Single-serving sacrifice

“You drink too much coffee and beer!” shouted my princess at me the day before Ash Wednesday. “Yeah!” seconded my second child. We were discussing what to give up for Lent, and how for the sacrifice to mean anything, it had to be worth something to us.
She was right, in a way. If the kids noticed, whatever it was was probably was a bit much. Not that anything I do escapes notice, especially when the recycling bin fills up. So I tried to use the moment.
Great, I thought, a chance to set an example as both a dad and a Catholic. The opportunity to lead on something simple and make a statement about discipline and faith. And I could reduce the strain on my belt at the same time.
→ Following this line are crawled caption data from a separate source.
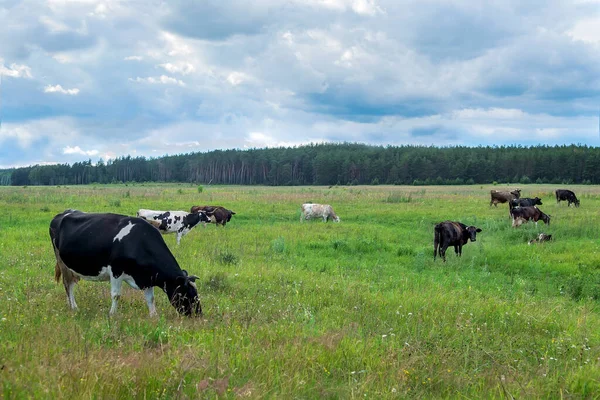 İnekler yeşil bir yaz çayırında otluyor. Seçici odak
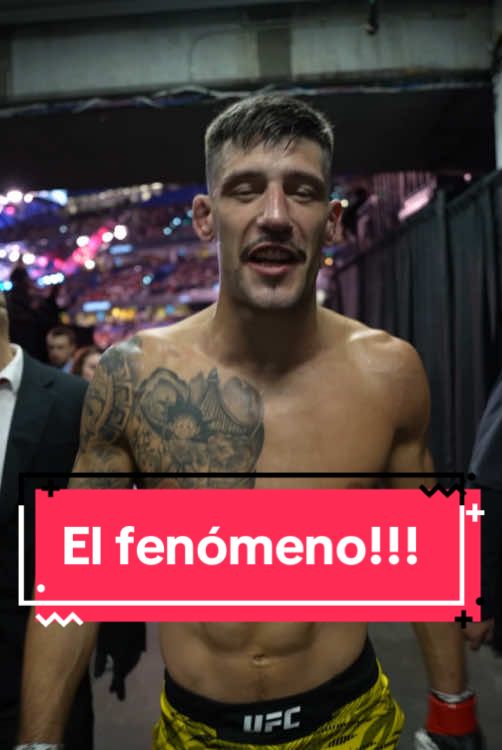 #UFC #ufcespañol #joelalvarez 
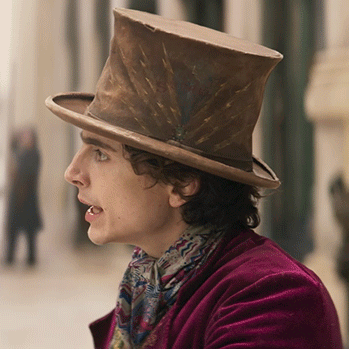 Confused Wonka Timothée Chalamet GIF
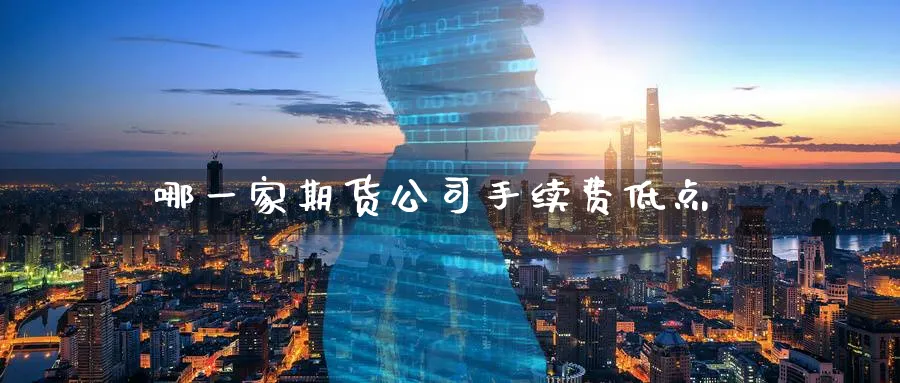 哪一家期货公司手续费低点_https://www.51pinbao.com_恒指直播室_第1张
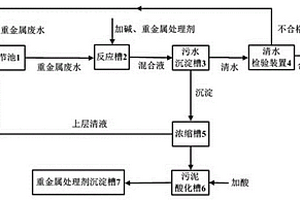 用于处理重金属废水及回收重金属处理剂的装置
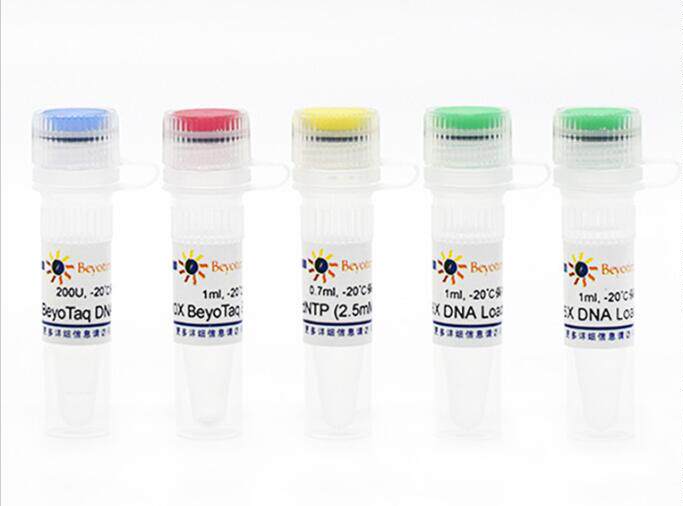 科研用 PCR Kit with BeyoTaq  D7237 400次 碧云天生物 beyotime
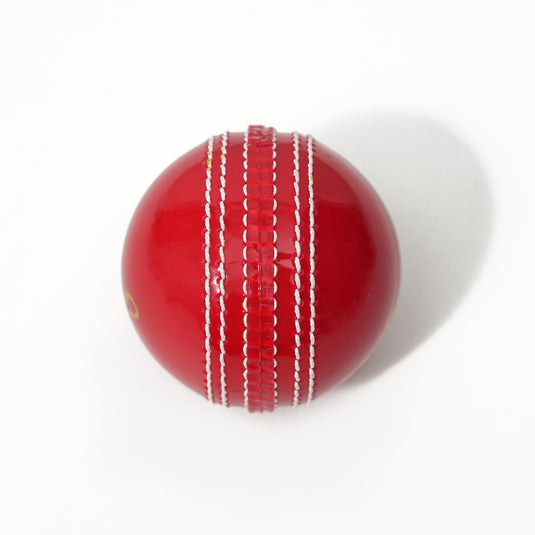 Puls8 Incredible Cricket Ball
Everyone would win!
So I gave up coffee. Cold turkey.
The first couple of days were the worst. I had to really kick myself out of the first-thing-in-the-morning habit, something the sleek, shiny single-cup machine we bought was specifically intended to make easier. I think the thing guessed what I was up to. Every morning for the last six weeks it just sat there and taunted me, like a cyclopish robot from a stupid ’50s sci-fi movie suckering the dopey earthling into believing he came in peace.

madcoffee

And of course, the things that I asked be given up in return were conveniently forgotten. Or, as I was often told when I caught someone, I just remembered it wrong — it was the OTHER thing they were giving up, not THIS thing they had NOW… And so it’s gone. But I don’t really blame them. It is a confusing season, with a lot of pressure. Most kids are probably encouraged to give up junk food and candy, but since Lent ends right before the holiday that’s basically candy runner-up to Halloween, I can see knuckling under the pressure. And everyone sells Easter candy. It’s just not fair!
Really, I think they just like to snow me.
With my own sacrifice, I was able to console myself (knowing it temporary) with tea, something I learned to appreciate a couple of years ago during a trip to Ireland, in places like here and here.
But I was so interested in setting a good example that I overlooked an important point. It wasn’t just about the spiritual meaning of it, or my own silly laments — I am hardly so dim as to seriously justify the bump in my morning routine as proof of understanding the sacrifice of Jesus — but about the missed opportunity.
My attempt at parental leadership needed stronger purpose. I should not only have made the kids sacrifice something, but reinforced the point by giving them the proper support and guidance throughout the season. Without teaching them about discipline, I just set the whole thing up for failure and wasted everyone’s time.
I also learned that I have to go find an open coffee shop this morning. In focusing so hard on my own discipline, I failed to notice that we ran out of servings for the coffee machine. I can hear the creepy robot laughing at me now.